Below are records with pictures in them. Output exactly the lines from the one with "Кобзарик. Читанка для" through the one with "спиды Канаш", both included, and leave every picture out; give only those lines.

* Data supplied *
........
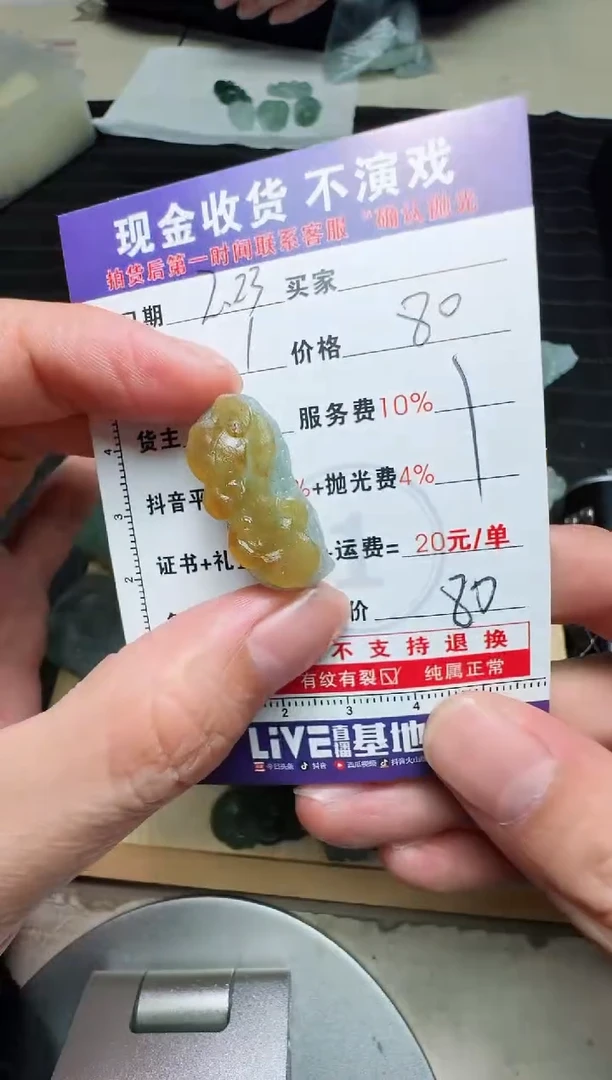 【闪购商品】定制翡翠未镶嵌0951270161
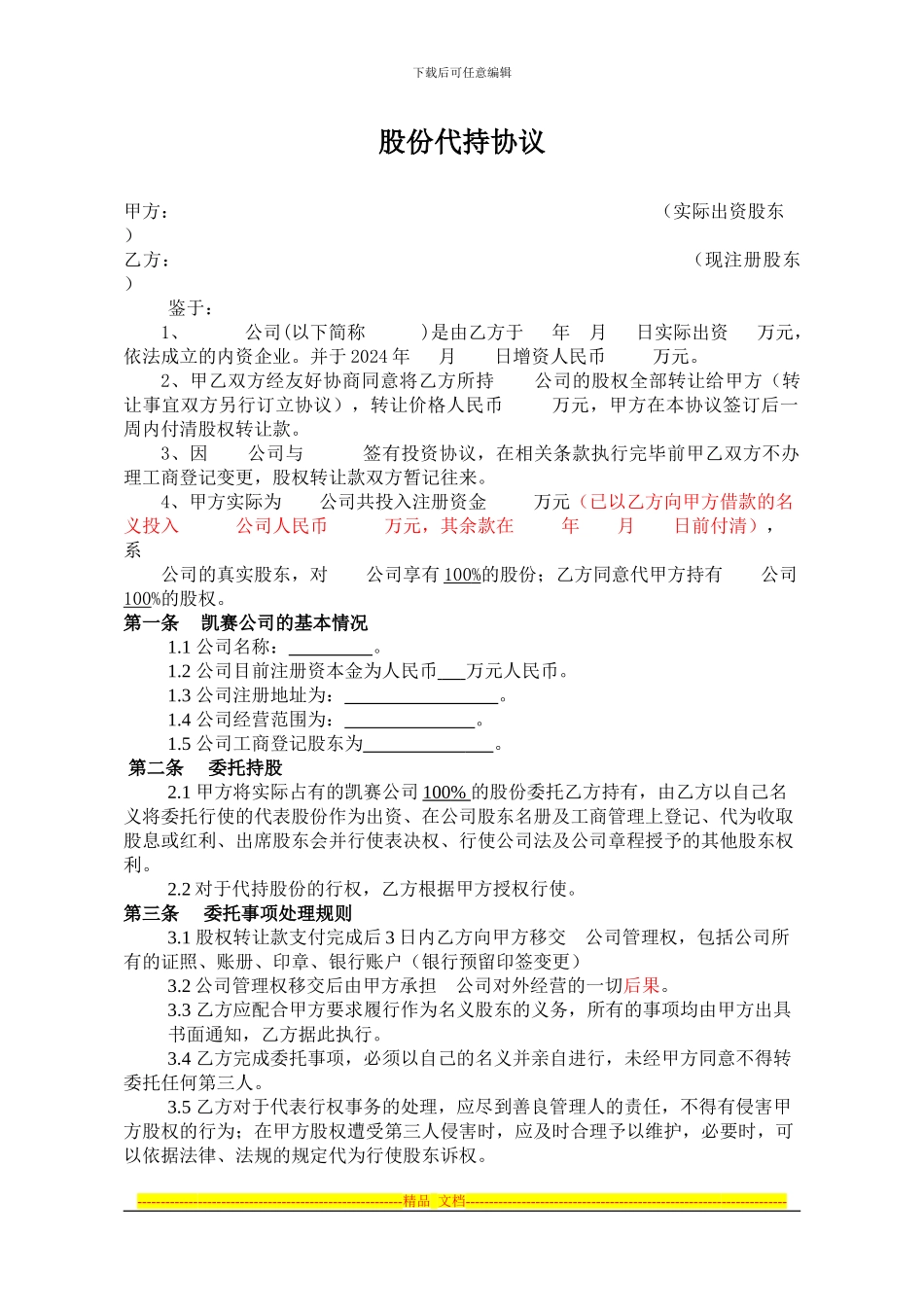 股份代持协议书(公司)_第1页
........
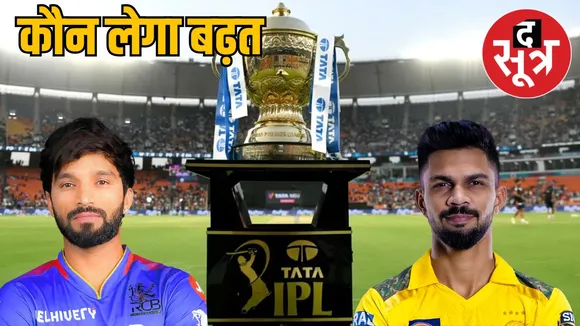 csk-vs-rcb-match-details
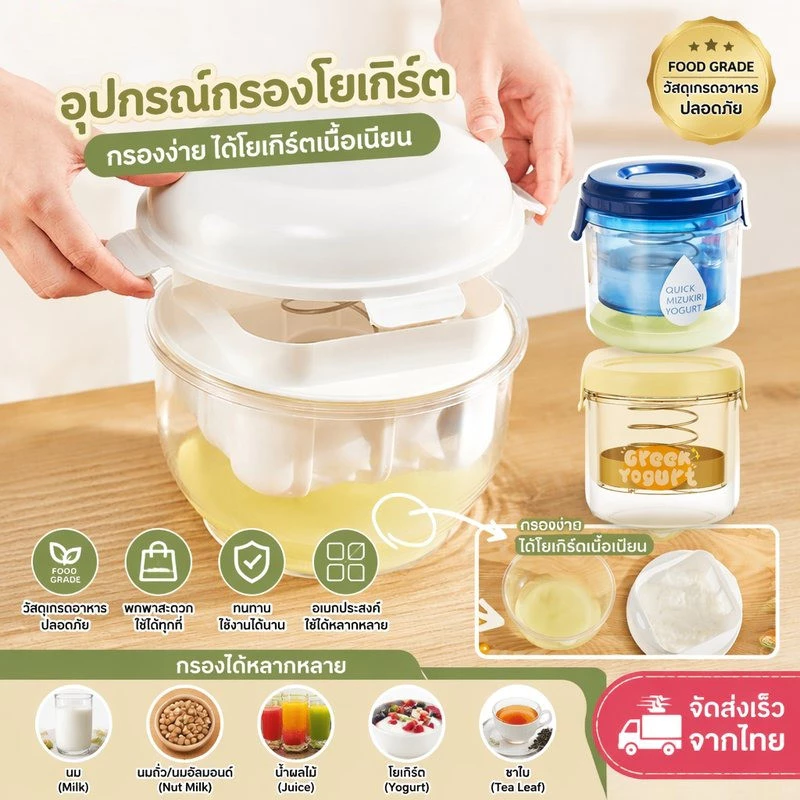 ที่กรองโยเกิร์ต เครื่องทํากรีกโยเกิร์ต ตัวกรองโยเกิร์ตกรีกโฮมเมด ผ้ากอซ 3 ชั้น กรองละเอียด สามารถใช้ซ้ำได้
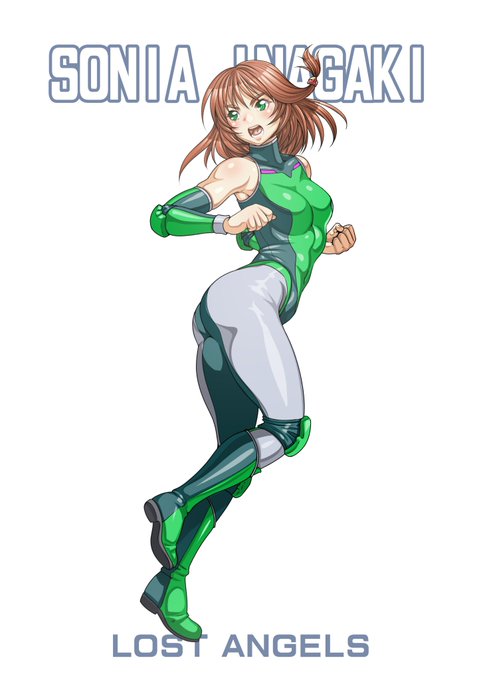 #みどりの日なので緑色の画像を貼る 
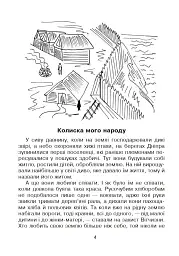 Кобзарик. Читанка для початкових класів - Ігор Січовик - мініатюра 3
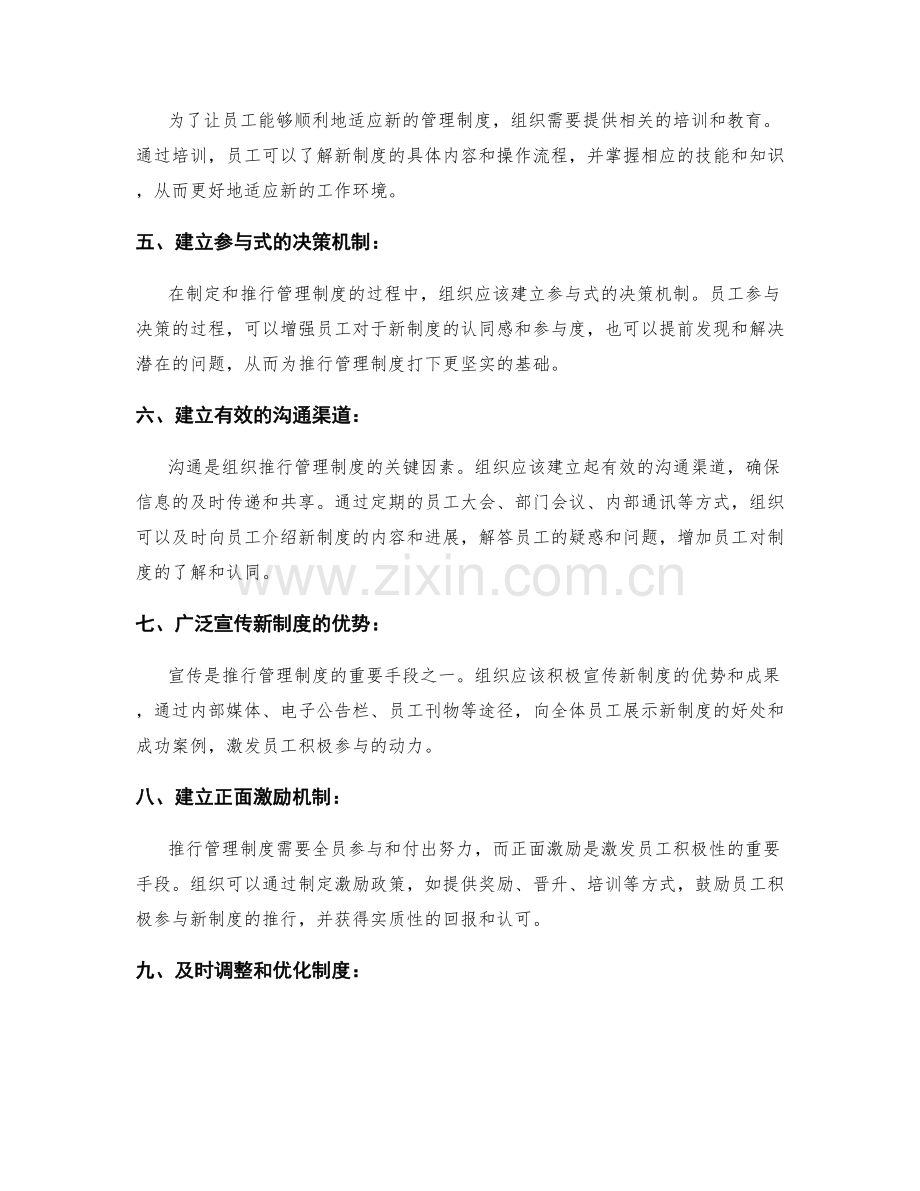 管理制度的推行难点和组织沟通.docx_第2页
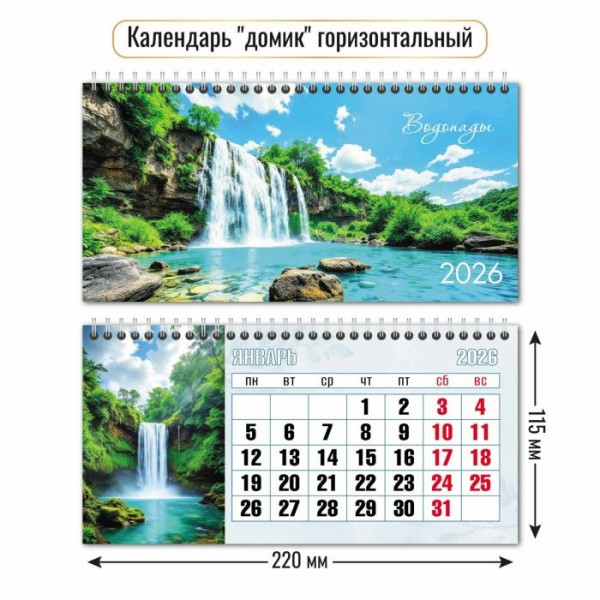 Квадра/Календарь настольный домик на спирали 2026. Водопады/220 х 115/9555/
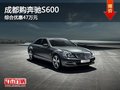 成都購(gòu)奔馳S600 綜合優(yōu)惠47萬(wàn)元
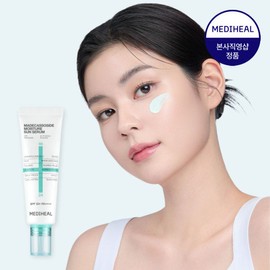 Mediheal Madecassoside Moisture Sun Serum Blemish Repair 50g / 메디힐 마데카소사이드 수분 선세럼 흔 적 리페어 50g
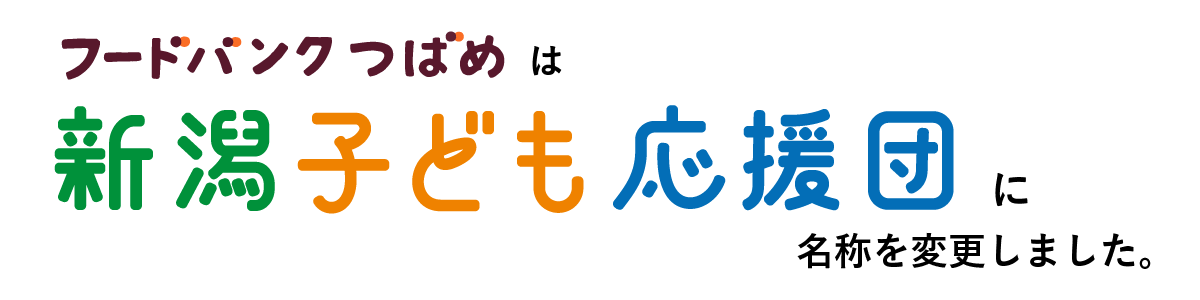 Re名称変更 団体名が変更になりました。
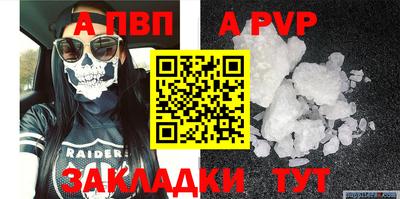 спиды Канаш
........
* Completed exercise *
 Кобзарик. Читанка для початкових класів - Ігор Січовик - мініатюра 3
 管理制度的推行难点和组织沟通.docx_第2页
 Квадра/Календарь настольный домик на спирали 2026. Водопады/220 х 115/9555/
 成都購(gòu)奔馳S600 綜合優(yōu)惠47萬(wàn)元
 Mediheal Madecassoside Moisture Sun Serum Blemish Repair 50g / 메디힐 마데카소사이드 수분 선세럼 흔 적 리페어 50g
 Re名称変更 団体名が変更になりました。
 спиды Канаш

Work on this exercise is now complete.